● **Work item**:
Restate word for word the lines below from the one that has "1 Snowy midnight scene in winter" through the one that has "Armadio Multiuso Grande", keeping both and dropping all pictures.
BEGIN Data supplied
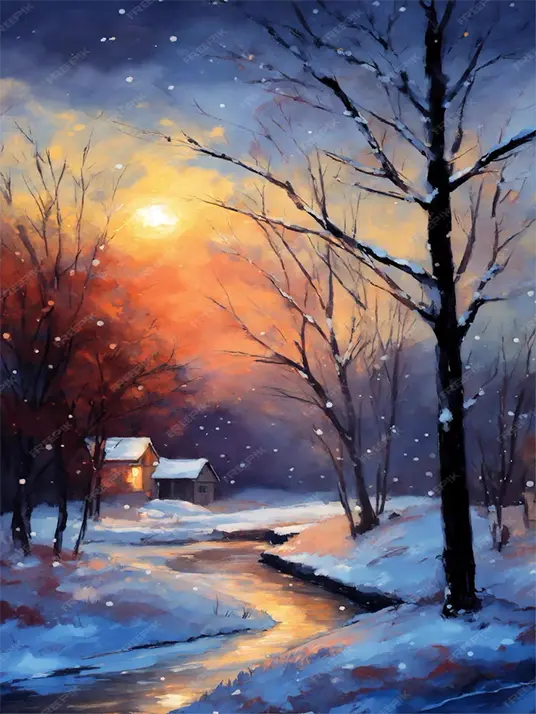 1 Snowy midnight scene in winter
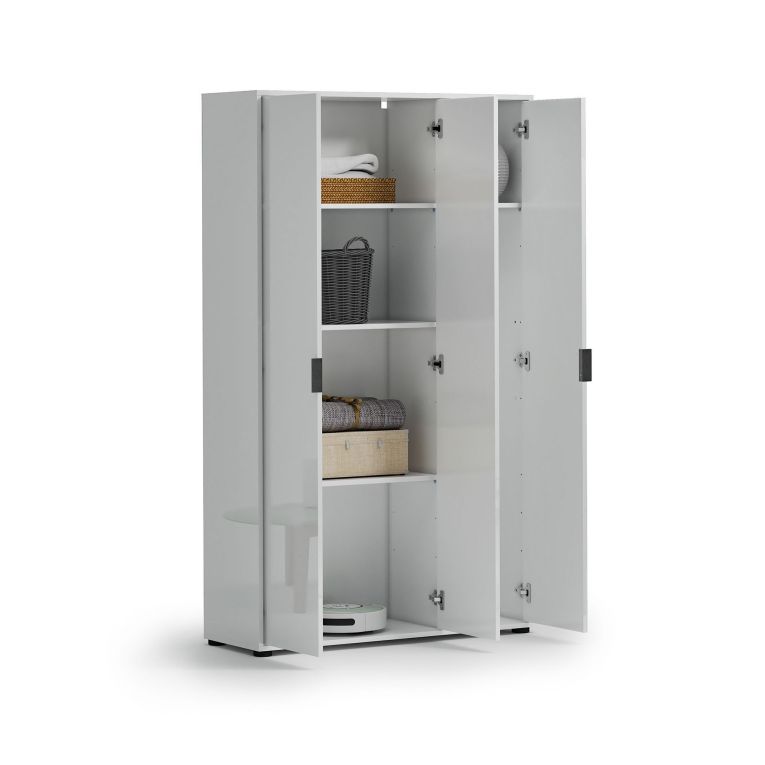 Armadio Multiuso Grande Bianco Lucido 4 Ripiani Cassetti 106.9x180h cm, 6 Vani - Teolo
END Data supplied
BEGIN Data supplied
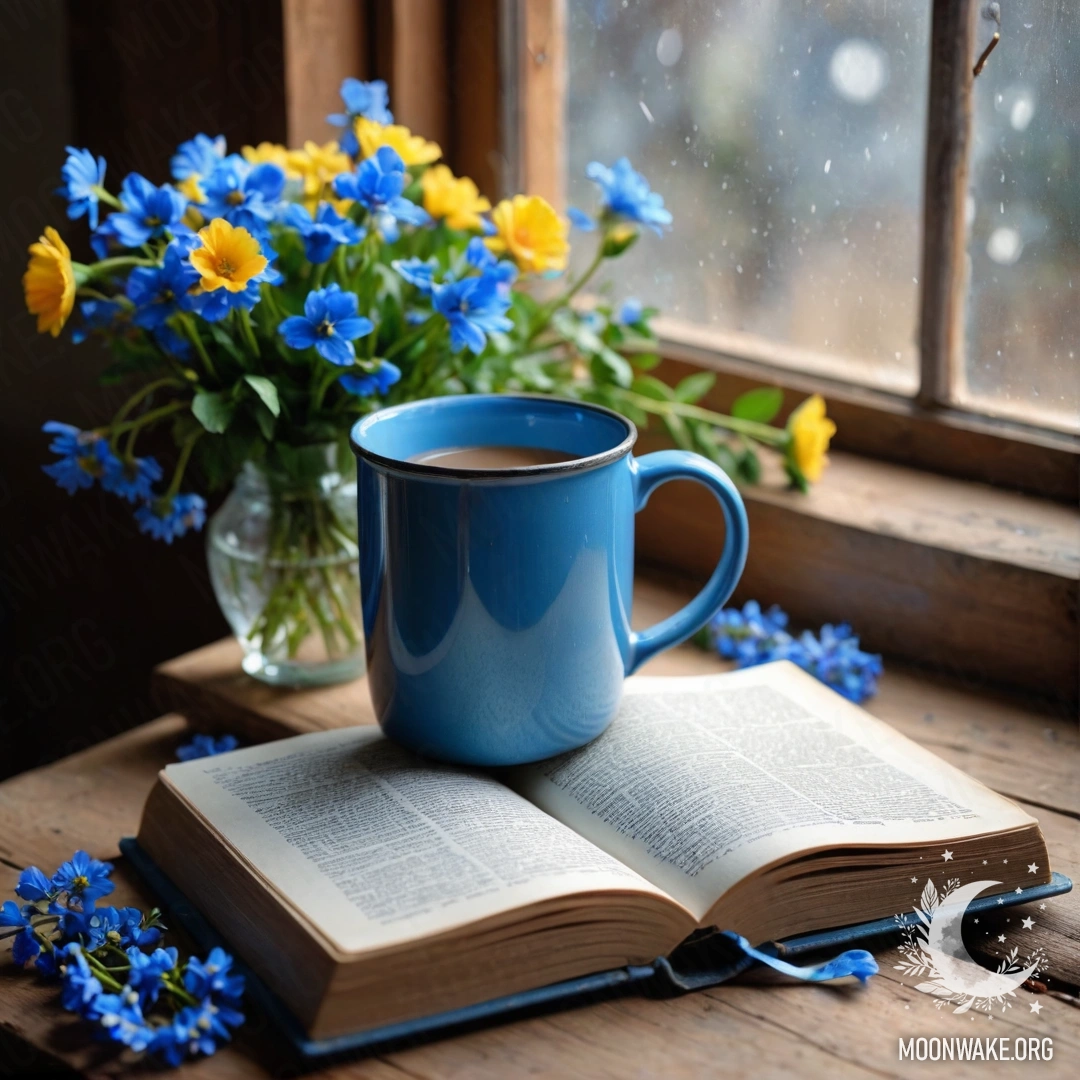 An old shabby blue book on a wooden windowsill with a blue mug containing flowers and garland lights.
END Data supplied
● **Exercise solution**:
 1 Snowy midnight scene in winter
 Armadio Multiuso Grande Bianco Lucido 4 Ripiani Cassetti 106.9x180h cm, 6 Vani - Teolo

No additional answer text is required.